Behrang Alavi: Der Titel „Vatan“ ist persisch und bedeutet Heimat. Der Song „Vatan“ von Simin Behbahani, ist ein persisches Gedicht über den Aufbau der Heimat mit Händen, Blut, Schweiß und Tränen. Sie ist leider verstorben, war aber eine großartige Frau und Dichterin und ihr Gedicht ist sehr stark und tief. Heimat umreißt aber auch die Themen des Albums gut: Flucht, Diktatur, Marionetten, Kriegstraumata, der Hass der Mobs usw. Alles Themen, die uns beschäftigen.

CDstarts.de: Wie würdet ihr jemandem euer Album/eure Musik beschreiben, der euch und eure Musik bis jetzt nicht kennt?

Behrang Alavi: Es ist kraftvolle melodiöse harte Rockmusik mit zum Teil epischen, psychedelischen, progressiven und post-rockigen Elementen und bisher vermutlich unbekannten Elementen wie z.B. die persische Sprache.

CDstarts.de: Schottet ihr euch zum Songschreiben von der Außenwelt ab oder lasst ihr aktuelle musikalische Trends an euch heran, die in euer Songwriting einfließen?

Behrang Alavi: Es wäre schön, mal abgeschieden vom Alltag Songs zu schreiben, das hieße für mich aber nicht, dass ich die Außenwelt und die Ereignisse außen vor lassen würde, denn Sie gehören zu uns und unserem Leben und die gegenwärtige Lage ist in diesem Album genauso festgehalten, wie essentielle Probleme unseres Daseins.

Andreas Voland: Spannend sind doch auch gerade die Einflüsse anderer Bands und das gegenseitige Befruchten. Kunst ist Projektion und wir projizieren unsere Umwelt in unsere Musik. Interessant wäre es vielleicht mal, drei Monate ein Album in einem komplett anderen Land zu schreiben und die dortigen musikalischen Einflüsse und Instrumente oder auch Musiker einzubeziehen. Also vielleicht eine Abschottung derart.
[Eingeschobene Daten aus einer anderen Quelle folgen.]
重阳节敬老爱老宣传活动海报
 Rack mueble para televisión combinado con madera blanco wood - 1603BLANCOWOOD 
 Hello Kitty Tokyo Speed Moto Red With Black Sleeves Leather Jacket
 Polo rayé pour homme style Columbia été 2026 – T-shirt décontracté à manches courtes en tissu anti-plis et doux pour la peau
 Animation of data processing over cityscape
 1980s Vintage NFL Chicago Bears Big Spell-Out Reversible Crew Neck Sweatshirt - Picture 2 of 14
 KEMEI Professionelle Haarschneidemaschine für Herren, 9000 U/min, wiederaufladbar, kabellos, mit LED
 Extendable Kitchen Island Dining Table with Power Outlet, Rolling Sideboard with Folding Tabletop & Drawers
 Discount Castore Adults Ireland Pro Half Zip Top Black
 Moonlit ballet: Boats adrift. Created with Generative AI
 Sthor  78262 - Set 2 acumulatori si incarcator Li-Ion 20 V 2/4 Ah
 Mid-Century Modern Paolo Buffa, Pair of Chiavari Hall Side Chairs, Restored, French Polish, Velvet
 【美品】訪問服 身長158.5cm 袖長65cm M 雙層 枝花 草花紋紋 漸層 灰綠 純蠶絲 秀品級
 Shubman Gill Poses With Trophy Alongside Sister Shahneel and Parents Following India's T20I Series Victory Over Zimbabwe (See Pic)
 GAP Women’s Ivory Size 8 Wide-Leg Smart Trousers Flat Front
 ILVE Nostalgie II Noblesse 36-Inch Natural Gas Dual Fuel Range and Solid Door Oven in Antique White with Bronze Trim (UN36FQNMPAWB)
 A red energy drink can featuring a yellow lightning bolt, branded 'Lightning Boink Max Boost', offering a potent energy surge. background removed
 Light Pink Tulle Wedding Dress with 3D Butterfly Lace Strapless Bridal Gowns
Stephan Voland: Was in unserer Vergangenheit wohl am meisten an eine Form der Abschottung herankam, war die Aufnahme des „Lost“-Albums bei Kurt Ebelhäuser in der Nähe von Koblenz. Wir waren zehn Tage in einer anderen Umgebung, abseits von unserem privaten Umfeld und haben in einer Ferienwohnung übernachtet. Das war schon cool und auch irgendwie Luxus. Was die Abschottung von aktuellen musikalischen Trends betrifft, steht man in einer Songwriting-Phase womöglich sogar mehr unter dem Einfluss von aktuellen Trends. Ich höre, wie schon erwähnt, mehr Musik, unterschiedliche Genres und bin während der „Vatan“-Entstehung sehr häufig zu Konzerten gegangen. Aber das empfinde ich nicht als negativ. Selbst Radio/Chart-Musik kann einen doch beeinflussen, selbst wenn man es nicht will, haha. Aber generell sollte es ja keine Grenzen geben. Es lebt doch eh schon jeder in seiner eigenen Glocke. Und mein Leben und seine Facetten oder mein Umfeld oder die Zeit in der ich lebe, sind doch gleichzeitig wichtige Einflussfaktoren, um etwas Neues entstehen zu lassen.